# AI/LLM-Powered Scrapers

## AI/LLM-Powered Scrapers

### ScrapeGraphAI (MIT / Free)

Describe what you want in plain English, it extracts structured JSON without CSS/XPath selectors. Auto-adapts to layout changes. Supports GPT, Gemini, Groq, Azure, Hugging Face, local Ollama models.

[GitHub](https://github.com/ScrapeGraphAI/Scrapegraph-ai)

### Crawl4AI (58K Stars, Apache 2.0)

Open-source LLM-friendly web crawler. Outputs clean Markdown for RAG/agents. Heuristic noise filtering, CSS/XPath/LLM extraction. Local-first (no API costs).
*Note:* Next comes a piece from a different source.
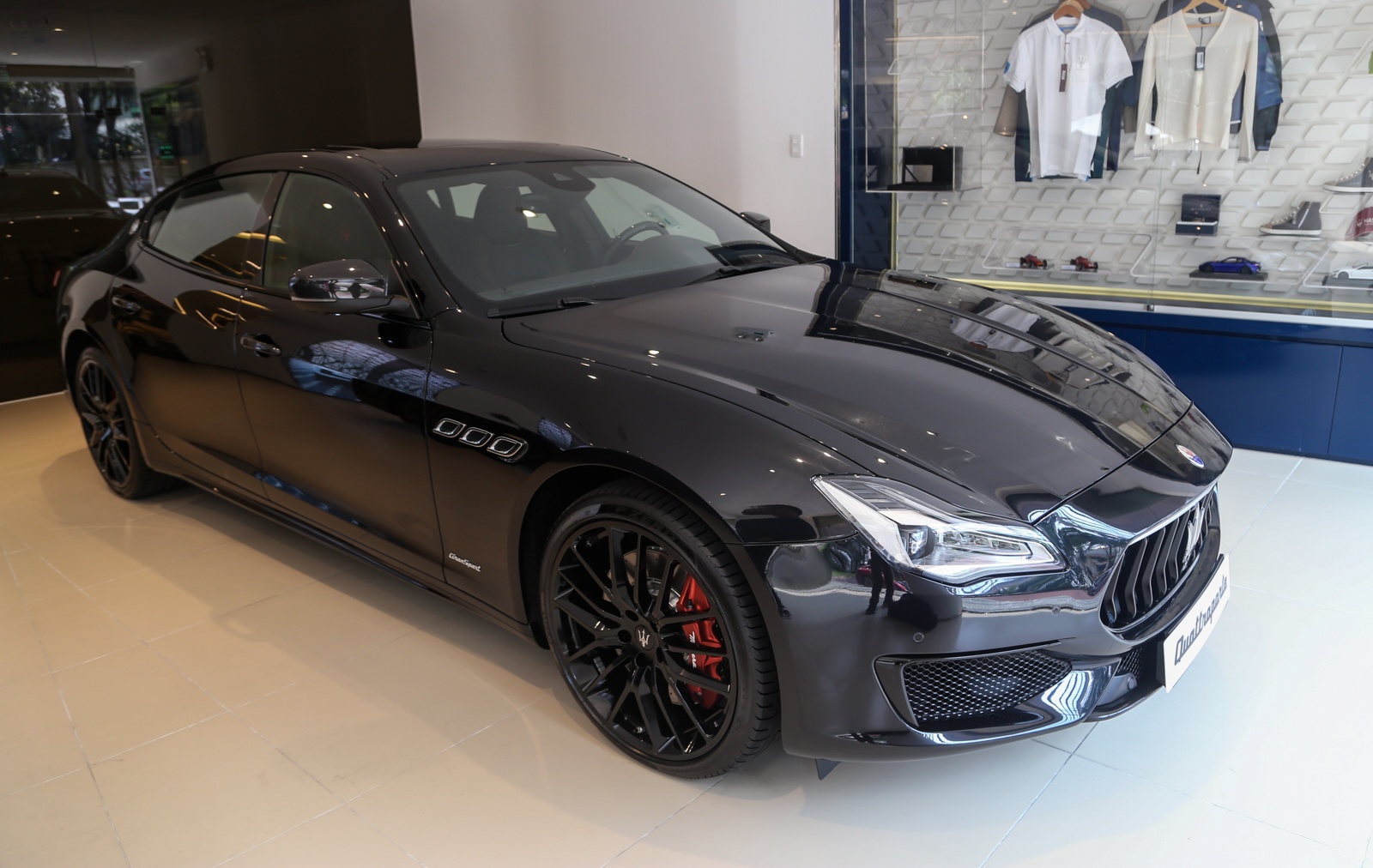Can canh Maserati Quattroporte Nerissimo Edition doc nhat tai VN hinh anh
[GitHub](https://github.com/unclecode/crawl4ai)

### Firecrawl

Developer API that outputs clean Markdown from any URL, optimized for LLM ingestion. Used in enrichment pipelines alongside Maps scrapers.

[firecrawl.dev](https://www.firecrawl.dev/)

### LLM Query Expansion

Not a scraper per se, but a technique: use LLMs to generate category synonyms and related search terms to multiply coverage per geographic area. "dentist" becomes "dental clinic", "oral surgeon", "dental practice", etc. Combined with any scraper for 3-5x more results.